Recorded data
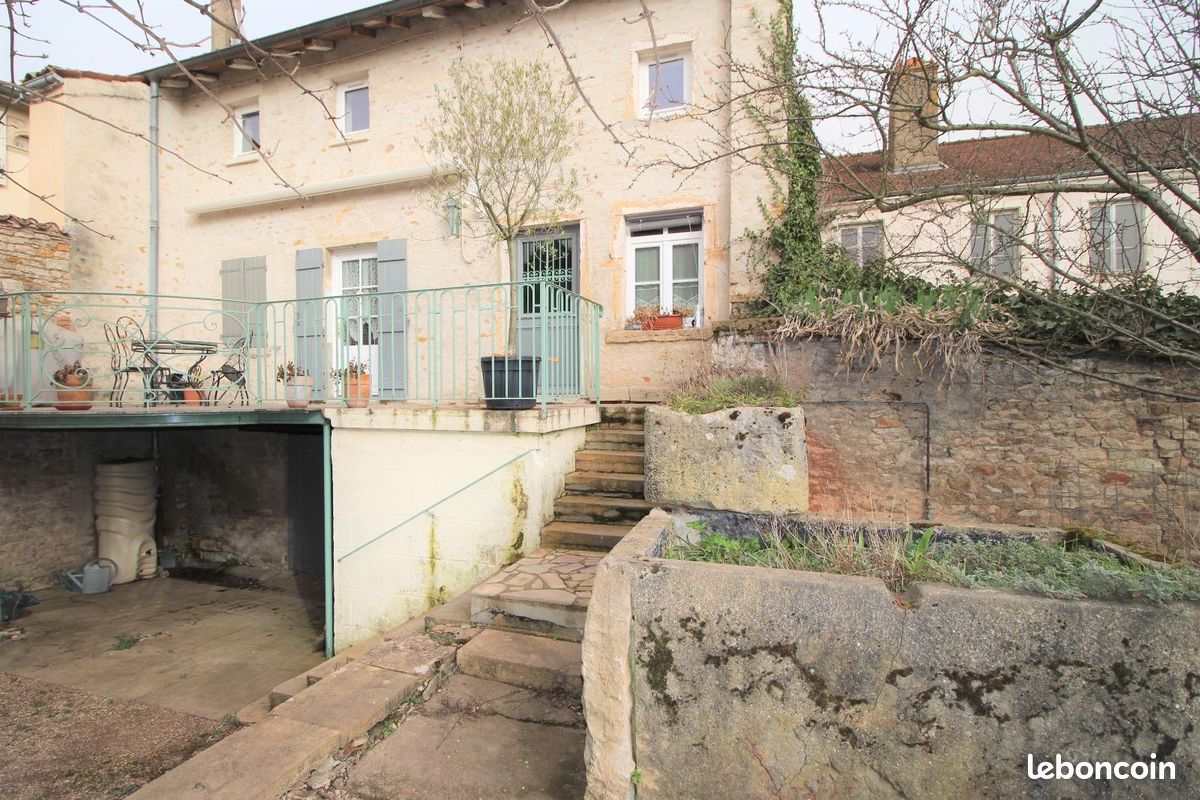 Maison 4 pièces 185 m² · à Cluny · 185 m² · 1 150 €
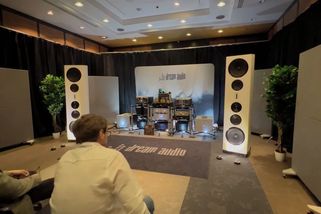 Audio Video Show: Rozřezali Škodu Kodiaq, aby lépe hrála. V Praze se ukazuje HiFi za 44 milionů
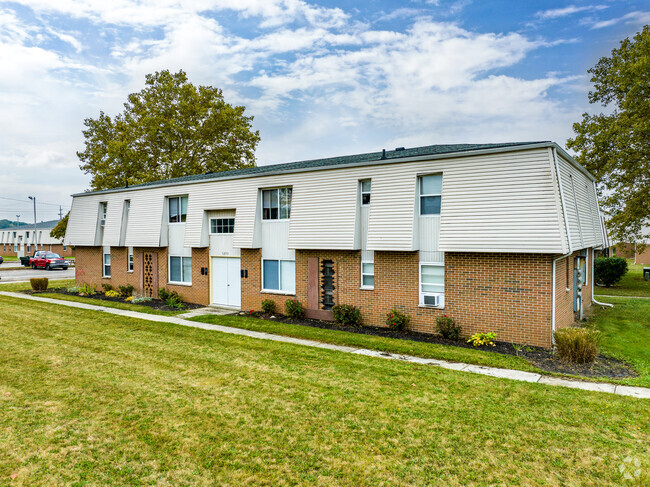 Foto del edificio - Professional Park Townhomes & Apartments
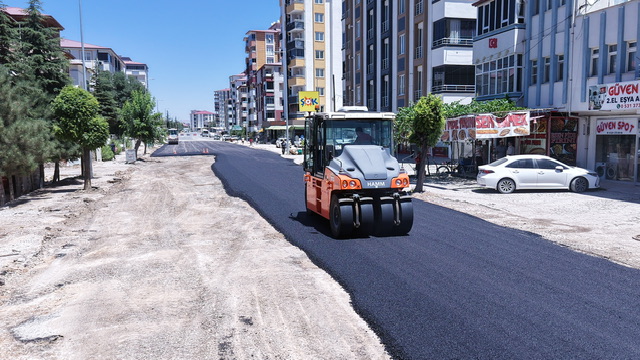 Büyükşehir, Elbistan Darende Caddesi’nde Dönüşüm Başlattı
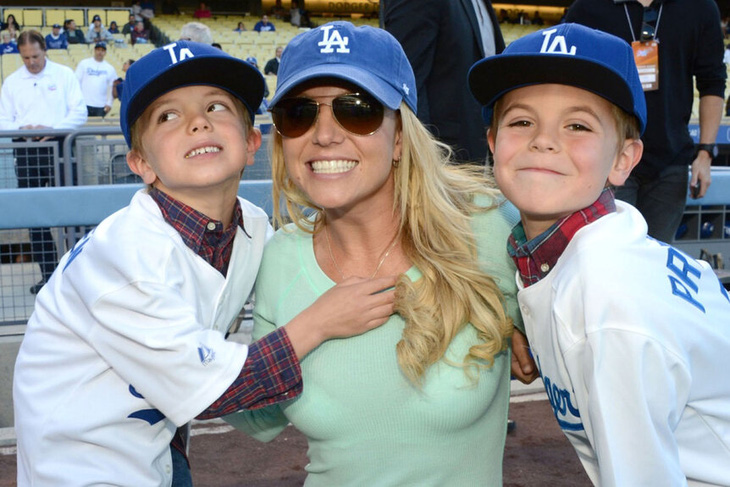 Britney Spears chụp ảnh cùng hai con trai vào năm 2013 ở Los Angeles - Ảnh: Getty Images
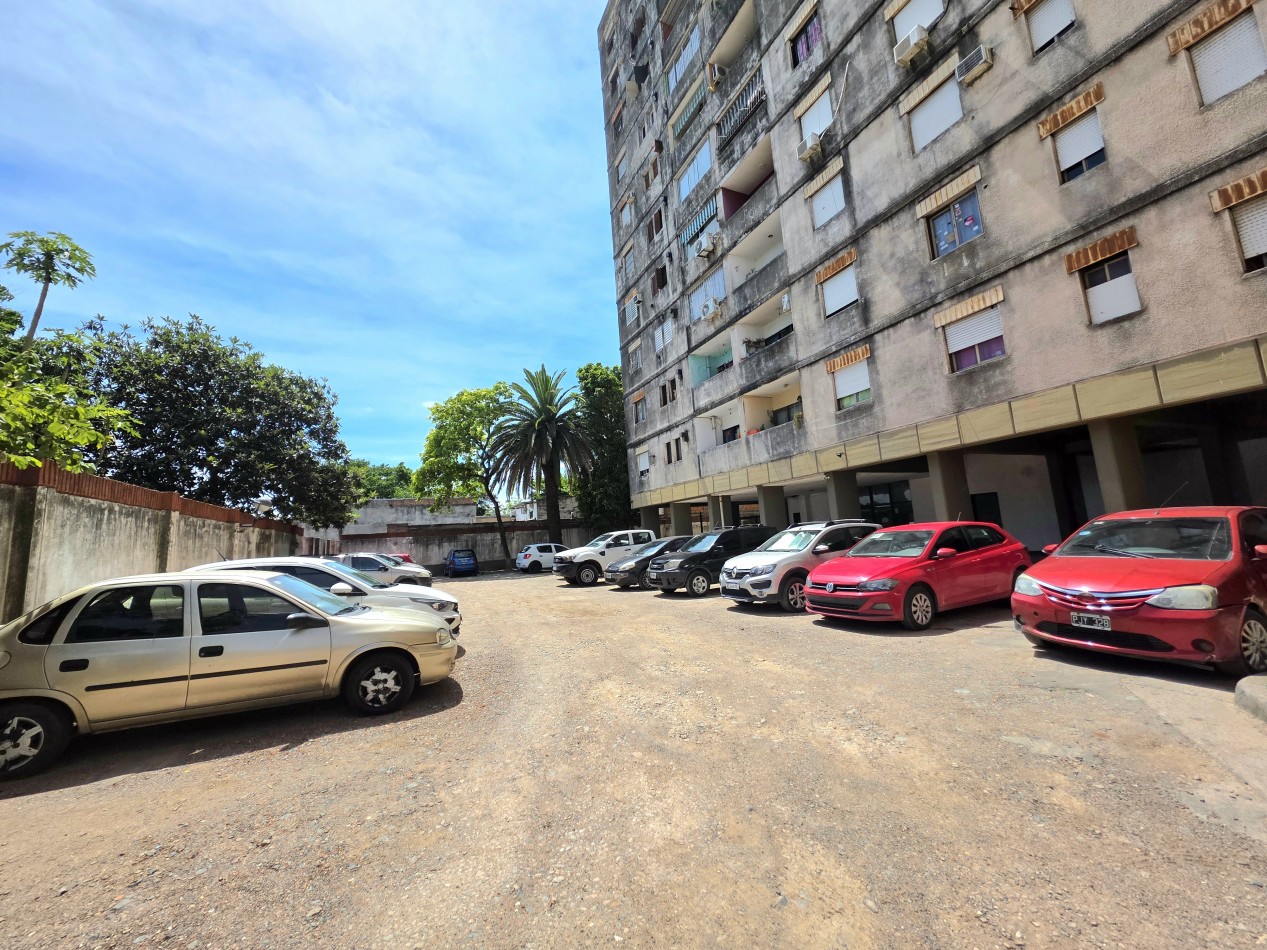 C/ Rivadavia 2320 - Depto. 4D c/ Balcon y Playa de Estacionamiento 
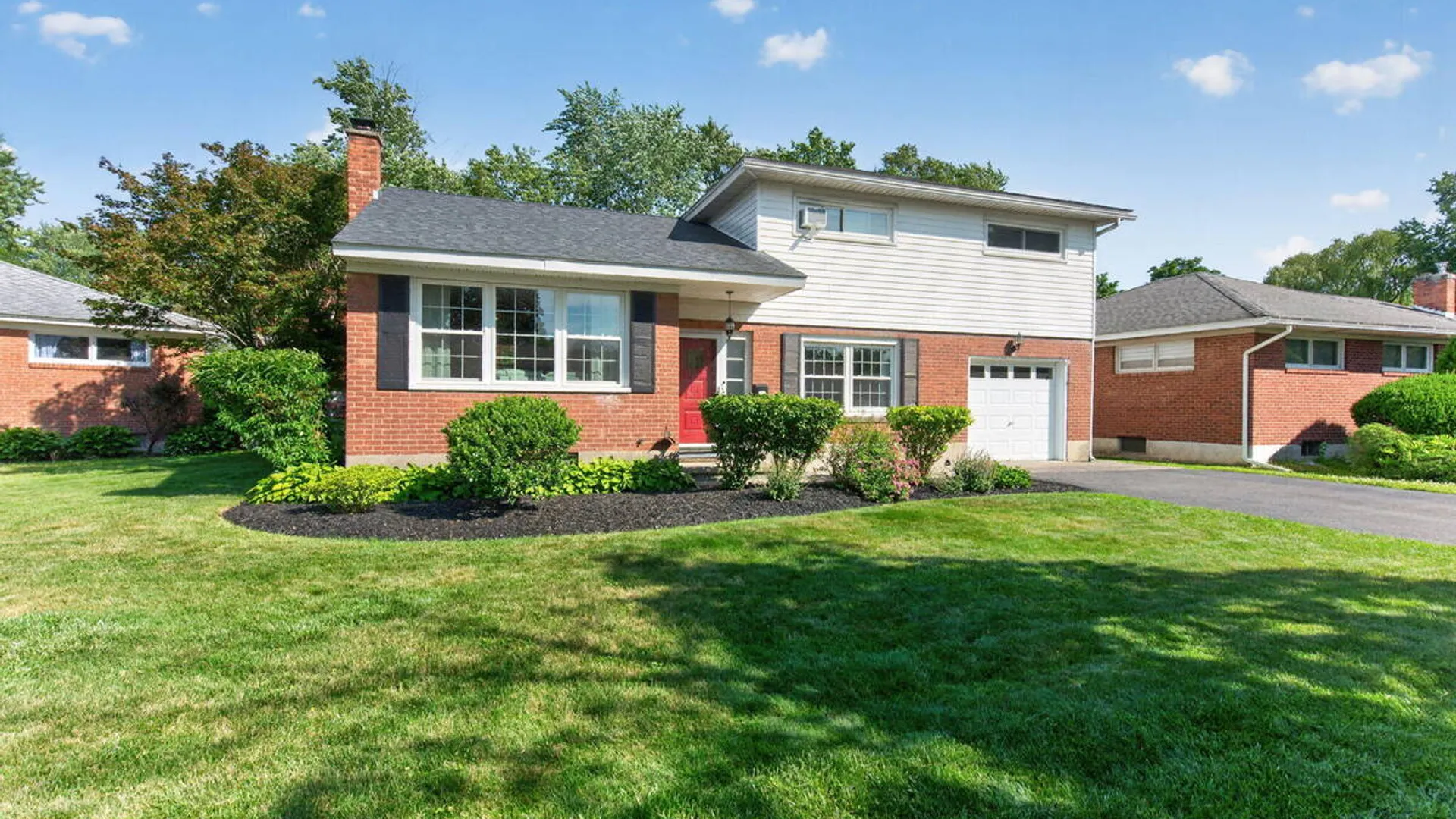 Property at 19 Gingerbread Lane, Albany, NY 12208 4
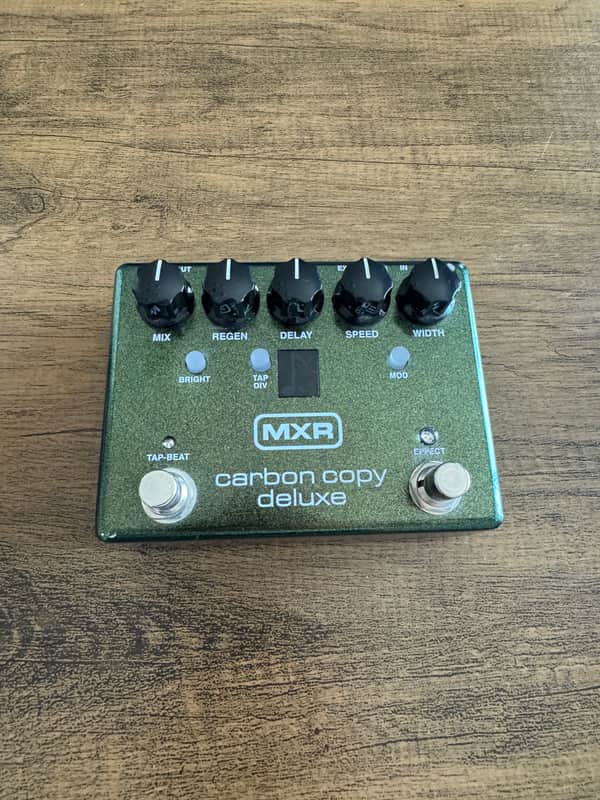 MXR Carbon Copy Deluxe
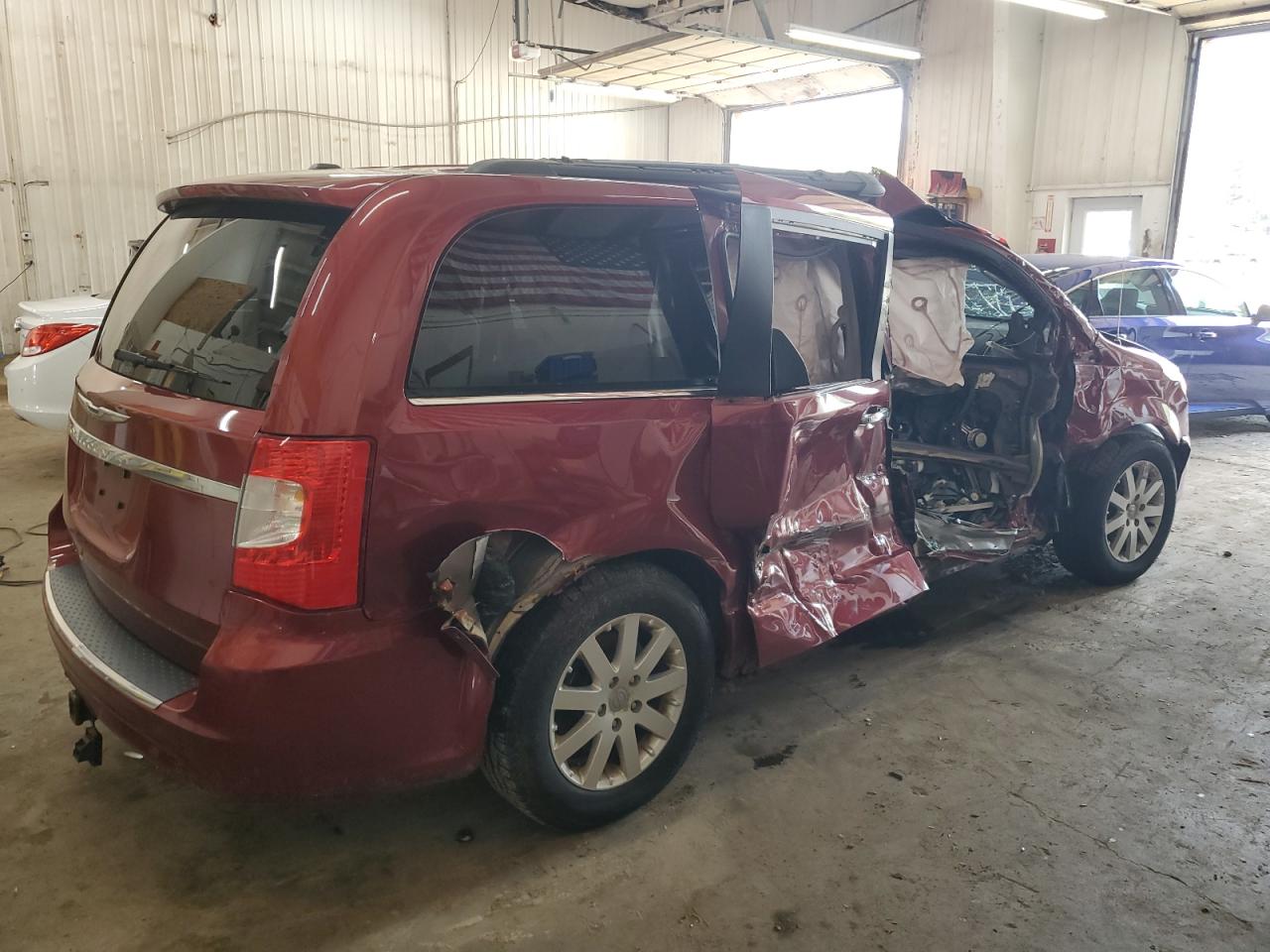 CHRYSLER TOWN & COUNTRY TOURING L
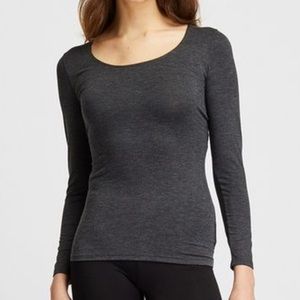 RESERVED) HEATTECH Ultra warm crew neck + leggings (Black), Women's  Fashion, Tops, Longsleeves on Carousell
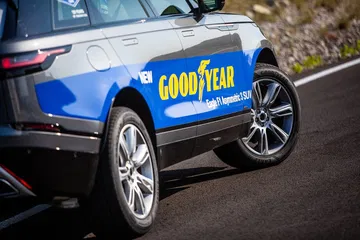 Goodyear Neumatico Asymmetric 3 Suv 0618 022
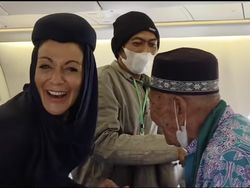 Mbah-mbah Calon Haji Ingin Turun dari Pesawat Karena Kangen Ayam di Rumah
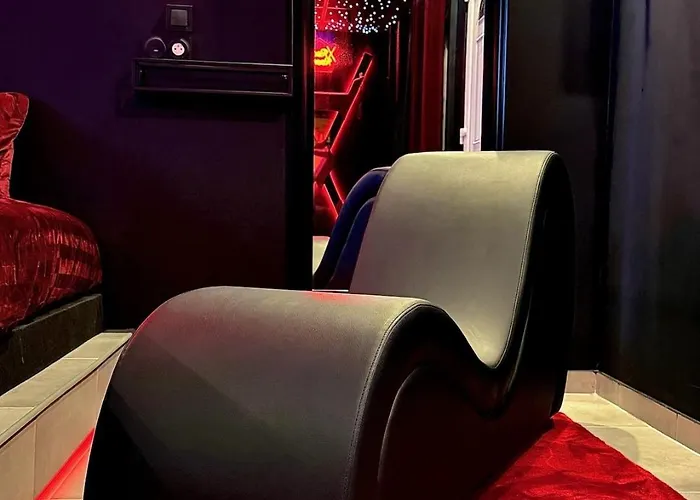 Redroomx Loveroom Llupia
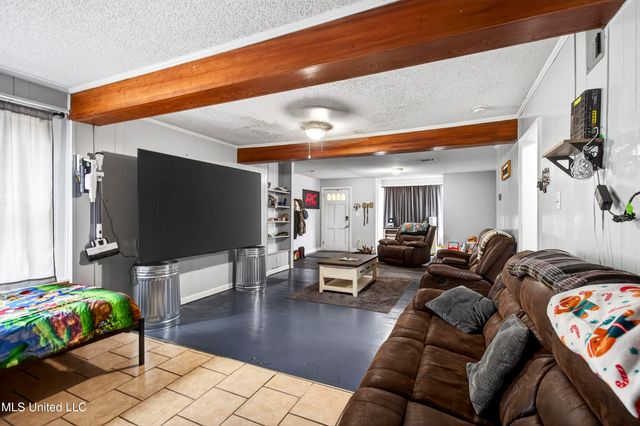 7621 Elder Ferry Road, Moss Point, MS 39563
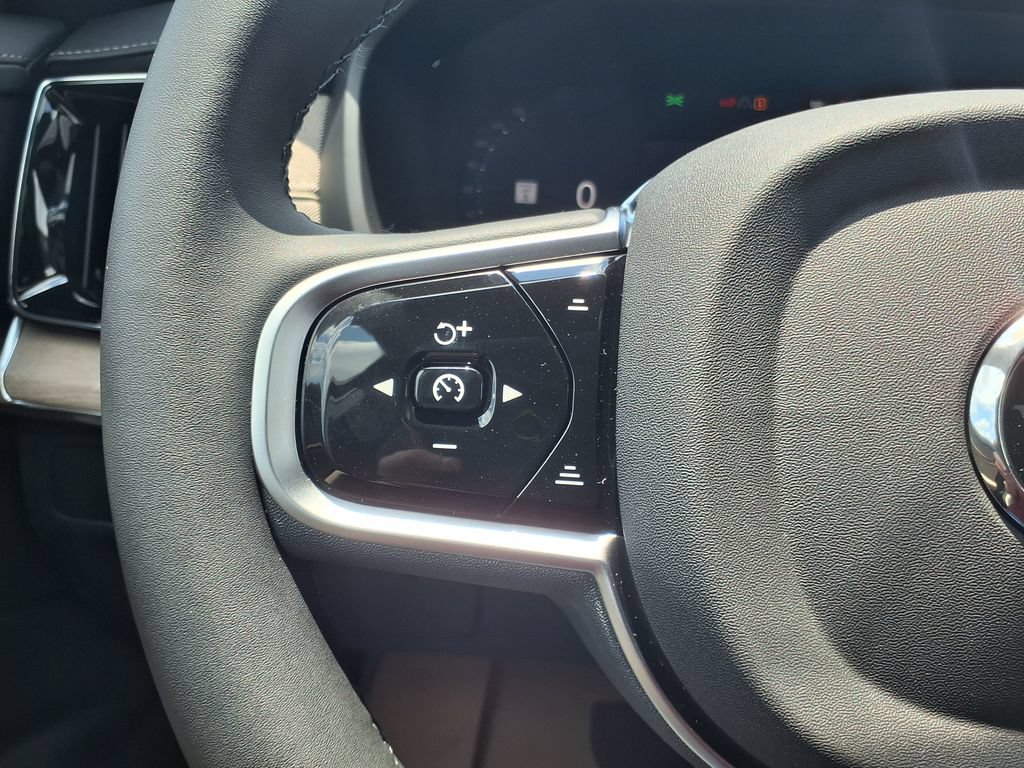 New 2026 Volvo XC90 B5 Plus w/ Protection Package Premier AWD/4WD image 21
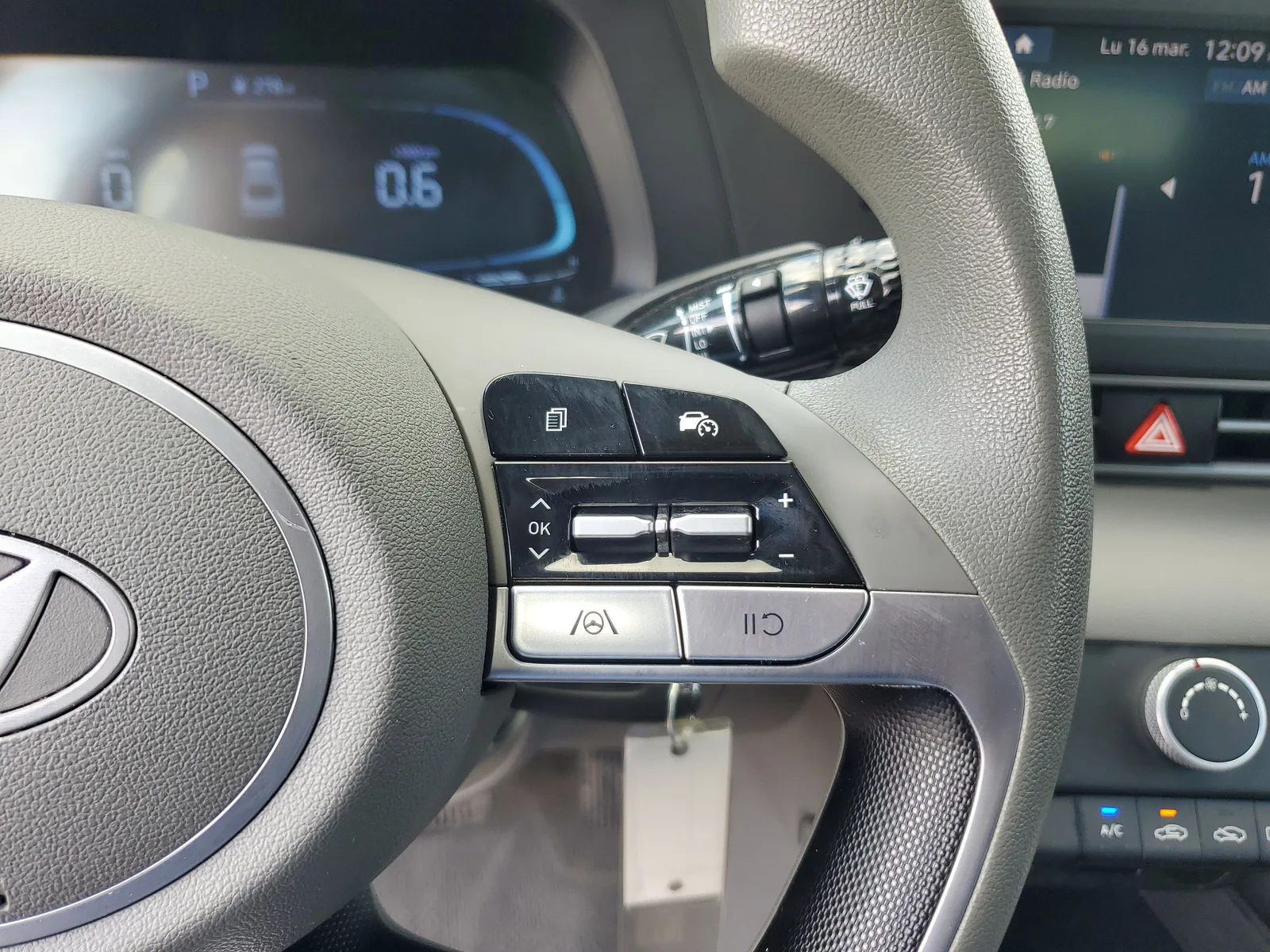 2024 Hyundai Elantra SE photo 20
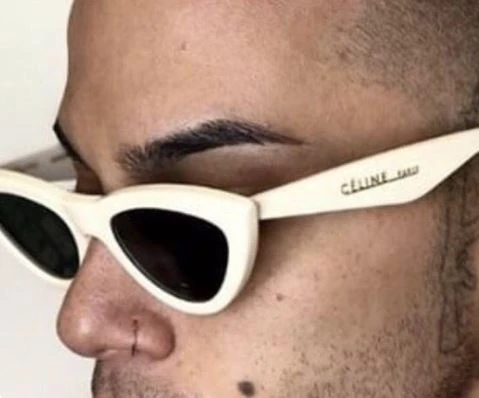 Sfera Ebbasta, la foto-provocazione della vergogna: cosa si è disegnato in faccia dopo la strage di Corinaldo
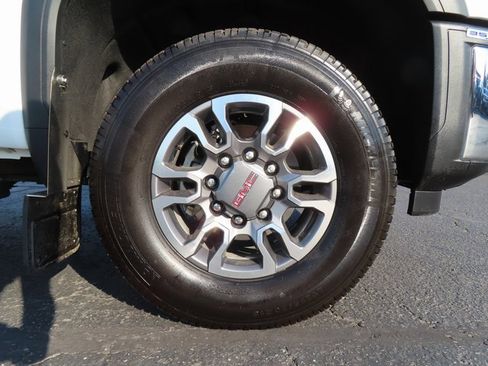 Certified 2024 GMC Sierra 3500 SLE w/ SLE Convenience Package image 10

YOUR TASK: With the pictures left out, copy exactly the lines above from the line containing "Foto del edificio" through the last line of the entries.

RESULT OF THIS TASK:
 Foto del edificio - Professional Park Townhomes & Apartments
 Büyükşehir, Elbistan Darende Caddesi’nde Dönüşüm Başlattı
 Britney Spears chụp ảnh cùng hai con trai vào năm 2013 ở Los Angeles - Ảnh: Getty Images
 C/ Rivadavia 2320 - Depto. 4D c/ Balcon y Playa de Estacionamiento 
 Property at 19 Gingerbread Lane, Albany, NY 12208 4
 MXR Carbon Copy Deluxe
 CHRYSLER TOWN & COUNTRY TOURING L
 RESERVED) HEATTECH Ultra warm crew neck + leggings (Black), Women's  Fashion, Tops, Longsleeves on Carousell
 Goodyear Neumatico Asymmetric 3 Suv 0618 022
 Mbah-mbah Calon Haji Ingin Turun dari Pesawat Karena Kangen Ayam di Rumah
 Redroomx Loveroom Llupia
 7621 Elder Ferry Road, Moss Point, MS 39563
 New 2026 Volvo XC90 B5 Plus w/ Protection Package Premier AWD/4WD image 21
 2024 Hyundai Elantra SE photo 20
 Sfera Ebbasta, la foto-provocazione della vergogna: cosa si è disegnato in faccia dopo la strage di Corinaldo
 Certified 2024 GMC Sierra 3500 SLE w/ SLE Convenience Package image 10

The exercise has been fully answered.